Saturday, September 01, 2007

Mad Men and Cultural Critique

I have been watching a new show about advertising executives in the 1960's that is surpisingly well written. Take this quote for instance:

"Kids today have no one to look up to... because they are looking up to us." - From episode 4 of the TV show Mad Men

Does every generation think that the new generation is going to be the last because they are not like them or their fathers? I wonder if we have it in us to step back and see what should and should not be a priority when we criticize a particular generation. Please feel free to discuss this amongst yourselves.

2 comments:

Christopher Mark Van Allsburg said...

I don't know about the cultural inquiry you've asked us to respond to, but I will say my wife and I appreciate the show a great deal--for so many reasons. The writing and acting are good. It's dark. Something ominous is always brooding during the show. It's a great commentary on how we thought of the postwar decade (and a half) as being a time of great prosperity and happiness.

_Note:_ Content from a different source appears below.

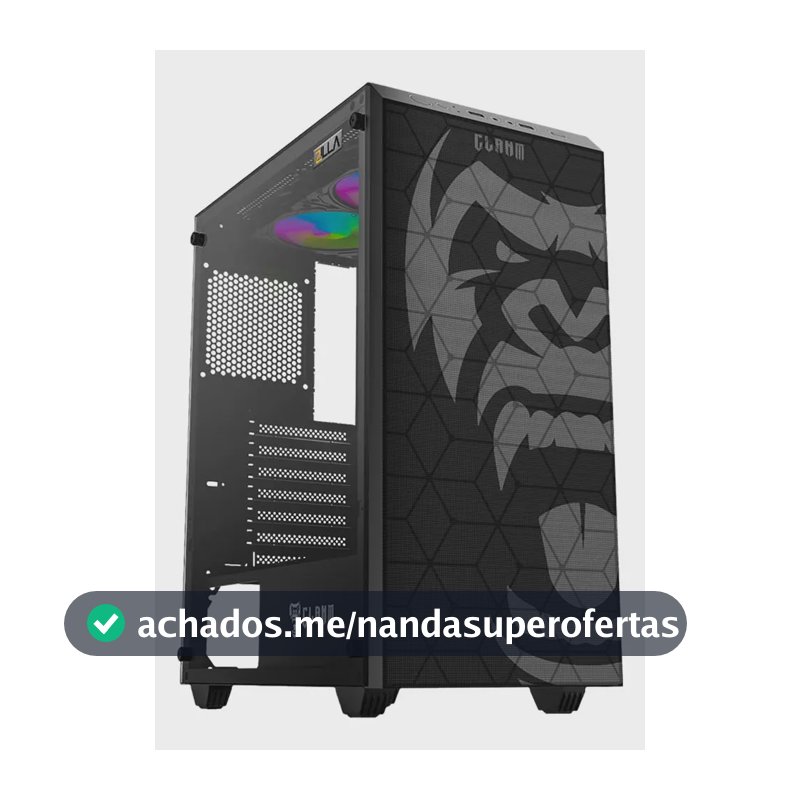 Gabinete Gamer Mid Tower Clanm Zilla Vidro Temperado Preto ATX Mini-ITX M-ATX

And it was--but the darkness of people's lives I think was swept under the rug in many ways, the irony of which is seen in the advertisments themselves: happy people buying products that make them what they want to be--happy.

Coffee Joe said...

I do appreciate the irony. And I do like the dark portrayal of the post war success. There is quite a lot of philosophy in the show and I love it (not the philosophy itself, mind you).